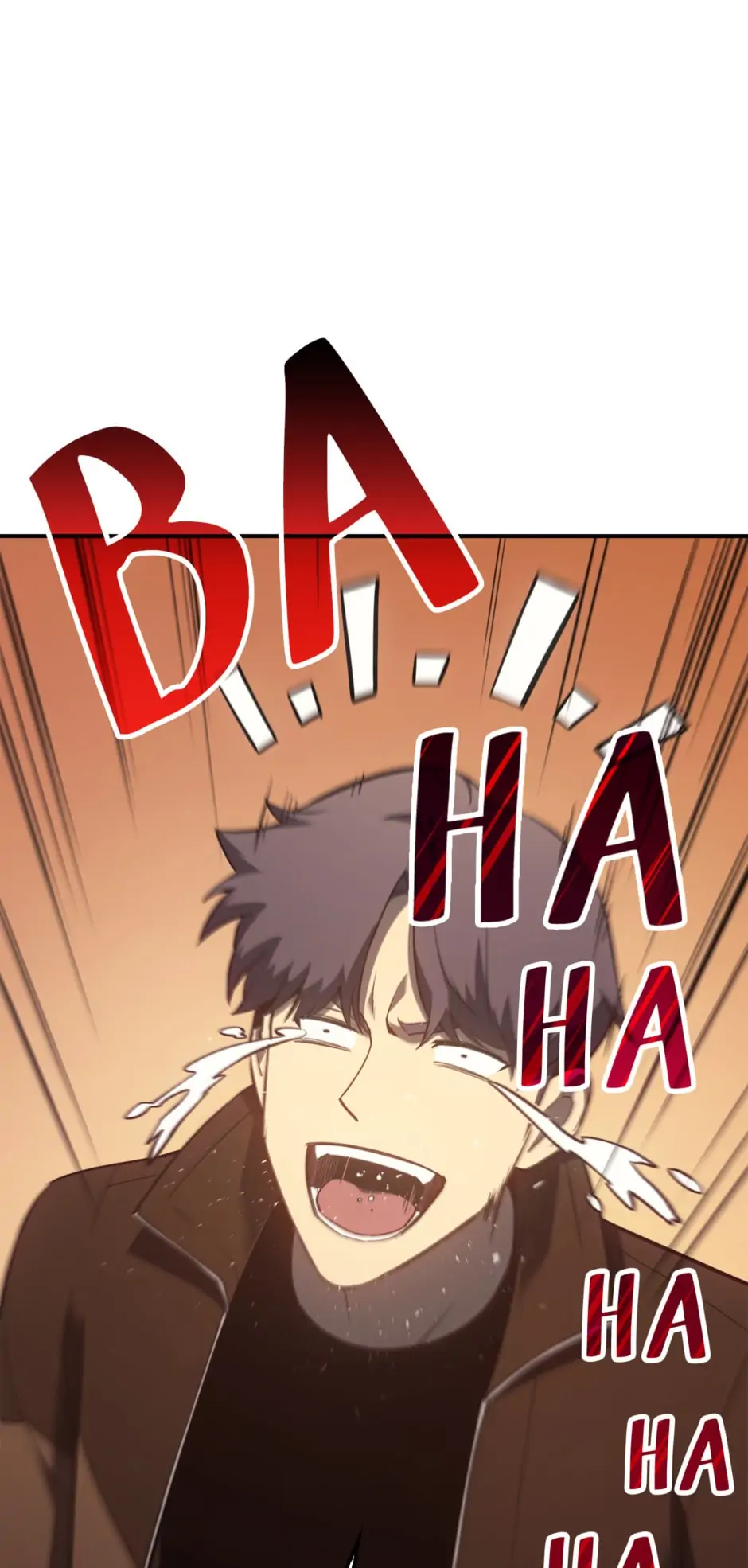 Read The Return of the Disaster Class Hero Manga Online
****************
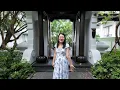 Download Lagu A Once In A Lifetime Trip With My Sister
****************
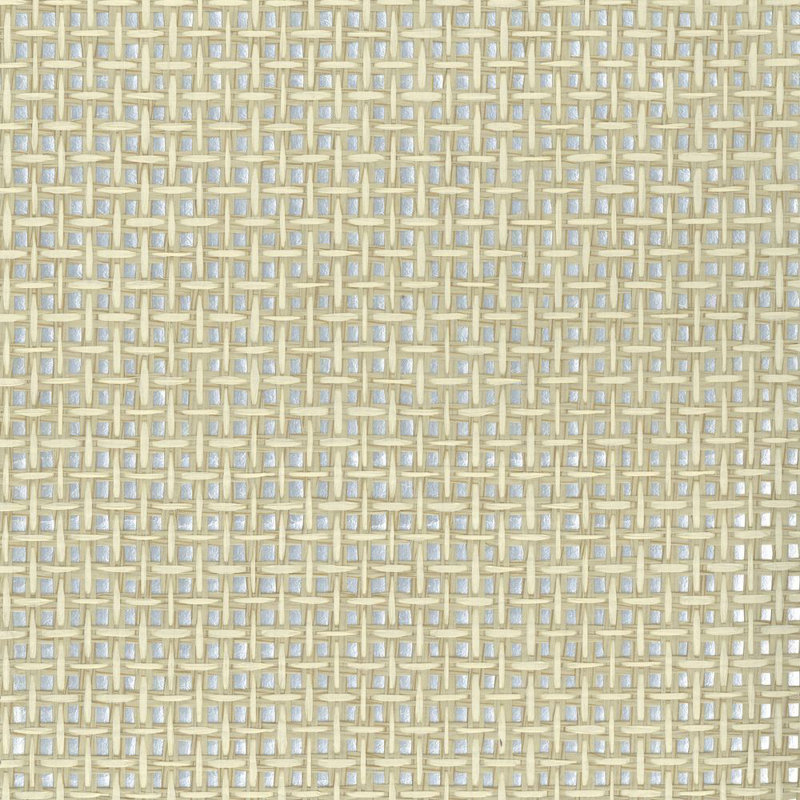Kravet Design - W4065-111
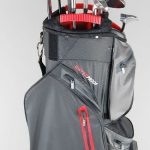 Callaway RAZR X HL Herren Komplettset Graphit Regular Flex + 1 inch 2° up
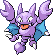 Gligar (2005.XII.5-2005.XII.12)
****************
# [Task to carry out]
Could you repeat, exactly, only the lines above starting at the one that has "Callaway RAZR X" and stopping after the one that has "Gligar (2005.XII.5-2005.XII.12)", without the pictures?

# [Response area]
 Callaway RAZR X HL Herren Komplettset Graphit Regular Flex + 1 inch 2° up
 Gligar (2005.XII.5-2005.XII.12)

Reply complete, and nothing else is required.